基本的に静的配置されたオブジェクトはクラス上に自動ですべて宣言されます。

5) JSFLを実行

実行の前に「基本部分オーサリング自動化.mxp」をダブルクリックで、
拡張機能をインストールしておいてください。
ファイルメニューの「コマンド > 基本部分オーサリング自動化」で自動化を実行します。

20090414image11.jpg

「基本部分オーサリング自動化」ダイアログが開きます。
・ layout.as : 先ほどコピーしたlayout.asの内容をペーストします。
・ プロジェクト名 : PhotoShopの自動処理時に設定したプロジェクト名と同じものを入力してください。
・ リンゲージ : 書き出されたクラスファイルへリンゲージを設定します。
・ ActionScriptレイヤー : MovieClipの一番上のレイヤーにActionScript用の空のレイヤーを作成します。
・ ActionScriptレイヤー名 : レイヤー名を指定します。

20090414image12.jpg

次に「layout.textを選択してください」ダイアログが開きますので、layout.textを選択してください。
書き出したファイルとの位置関係を把握させるために選択が必要となります。

6) パブリッシュ

アイテム数によってはしばらく処理に時間がかかりますが、処理が完了するまでまってください。
500アイテム程度までは試したことがあります。

20090414image13.jpg

完了しました。

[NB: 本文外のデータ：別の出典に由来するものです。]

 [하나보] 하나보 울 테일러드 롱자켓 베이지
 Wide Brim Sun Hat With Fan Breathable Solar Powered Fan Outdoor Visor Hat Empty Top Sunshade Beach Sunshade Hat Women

こんな感じです。

20090414image14.jpg

あとはパブリッシュして完了ですが、PhotoShop自動化処理時に「デフォルトで非表示」にチェックを入れていると、
すべてのクラスのコンストラクタに「this.visible = false」が挿入されるので何も表示されません。

20090414image15.jpg

あとはロジックを埋め込みながら関連するクラスの「this.visible = false」を削除しながら作業することとなります。
もしくはFlash自動化処理時に「リンゲージ:追加しない」を選ぶことでリンゲージを後で自分で設定することもできます。

以上が主な流れになります。

このように機械的な流れをなるべく自動化することにより、あまった時間を演出やロジックにあてることができますが、
今回の利点はそれだけではなく、同じツールで自動化することで、頭で考えなくとも、
自動で同じルールにのっとって構築することができることです。
仕事となれば複数人数で作業することが多いかと思います。
もしくは、何かしらの理由で引き継ぐ必要があったり、休みのときに緊急作業の依頼が来たり・・。
構築が個人に依存するようだと、やはり個人に負担がかかるのは目に見えてきます。

それを回避するために必要なのはルール決めだと考え、弊社では色々と模索していますが、
このツールがその役に立ればと思っています。

まあ、堅い話は抜きにして、まだ作成したばっかなのでデバッグもろくにしていません。
今後バージョンアップを重ねていく予定です。

次回も何かしらご紹介していきますのでお待ちください。